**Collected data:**
———
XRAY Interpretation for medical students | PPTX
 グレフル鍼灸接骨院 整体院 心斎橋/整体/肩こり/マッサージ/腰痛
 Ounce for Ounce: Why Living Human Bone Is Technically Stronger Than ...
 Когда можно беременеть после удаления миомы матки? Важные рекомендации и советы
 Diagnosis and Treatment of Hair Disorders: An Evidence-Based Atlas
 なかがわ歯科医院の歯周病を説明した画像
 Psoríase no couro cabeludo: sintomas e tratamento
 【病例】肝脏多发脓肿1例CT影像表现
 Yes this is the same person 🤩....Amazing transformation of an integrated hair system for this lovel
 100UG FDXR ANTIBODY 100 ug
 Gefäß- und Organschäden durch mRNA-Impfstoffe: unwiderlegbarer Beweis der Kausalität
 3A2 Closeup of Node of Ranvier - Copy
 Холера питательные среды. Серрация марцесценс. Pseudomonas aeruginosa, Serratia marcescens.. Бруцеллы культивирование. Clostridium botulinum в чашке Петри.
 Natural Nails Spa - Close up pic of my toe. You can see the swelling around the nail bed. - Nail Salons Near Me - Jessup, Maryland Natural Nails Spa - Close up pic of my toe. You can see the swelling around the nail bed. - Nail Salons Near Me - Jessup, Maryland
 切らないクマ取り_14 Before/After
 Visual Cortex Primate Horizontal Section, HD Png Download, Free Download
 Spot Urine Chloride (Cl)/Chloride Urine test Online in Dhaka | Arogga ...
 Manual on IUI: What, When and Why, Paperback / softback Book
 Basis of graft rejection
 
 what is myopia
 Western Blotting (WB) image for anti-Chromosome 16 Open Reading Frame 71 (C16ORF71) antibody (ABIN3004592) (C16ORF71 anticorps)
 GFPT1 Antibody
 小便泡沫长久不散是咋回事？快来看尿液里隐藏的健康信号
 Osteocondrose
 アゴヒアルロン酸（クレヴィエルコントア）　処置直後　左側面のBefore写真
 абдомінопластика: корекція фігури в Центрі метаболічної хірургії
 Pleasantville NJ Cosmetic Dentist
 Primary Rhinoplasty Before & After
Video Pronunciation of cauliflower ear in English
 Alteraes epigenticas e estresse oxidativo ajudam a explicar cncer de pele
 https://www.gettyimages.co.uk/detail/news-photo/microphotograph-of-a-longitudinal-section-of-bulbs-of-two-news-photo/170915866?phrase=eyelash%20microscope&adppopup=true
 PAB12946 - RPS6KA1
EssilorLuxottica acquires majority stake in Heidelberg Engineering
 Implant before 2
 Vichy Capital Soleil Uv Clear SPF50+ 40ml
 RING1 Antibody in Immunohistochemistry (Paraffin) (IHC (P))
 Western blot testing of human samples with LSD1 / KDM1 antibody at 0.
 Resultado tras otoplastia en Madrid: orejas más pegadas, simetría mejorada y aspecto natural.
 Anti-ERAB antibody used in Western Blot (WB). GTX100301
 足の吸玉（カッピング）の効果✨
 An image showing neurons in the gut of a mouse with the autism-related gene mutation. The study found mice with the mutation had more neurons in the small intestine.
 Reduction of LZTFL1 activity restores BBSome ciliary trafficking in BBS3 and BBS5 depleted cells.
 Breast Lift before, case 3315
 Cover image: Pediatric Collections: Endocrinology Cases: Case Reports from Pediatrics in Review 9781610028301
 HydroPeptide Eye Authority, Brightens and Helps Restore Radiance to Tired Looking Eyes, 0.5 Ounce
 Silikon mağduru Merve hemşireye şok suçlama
———
**What the exercise asks:** Among the entries above, find the line with "Video Pronunciation of" and the line with "足の吸玉（カッピング）の効果✨"; give again exactly these two lines and all lines between them.

**Your response:**
Video Pronunciation of cauliflower ear in English
 Alteraes epigenticas e estresse oxidativo ajudam a explicar cncer de pele
 https://www.gettyimages.co.uk/detail/news-photo/microphotograph-of-a-longitudinal-section-of-bulbs-of-two-news-photo/170915866?phrase=eyelash%20microscope&adppopup=true
 PAB12946 - RPS6KA1
EssilorLuxottica acquires majority stake in Heidelberg Engineering
 Implant before 2
 Vichy Capital Soleil Uv Clear SPF50+ 40ml
 RING1 Antibody in Immunohistochemistry (Paraffin) (IHC (P))
 Western blot testing of human samples with LSD1 / KDM1 antibody at 0.
 Resultado tras otoplastia en Madrid: orejas más pegadas, simetría mejorada y aspecto natural.
 Anti-ERAB antibody used in Western Blot (WB). GTX100301
 足の吸玉（カッピング）の効果✨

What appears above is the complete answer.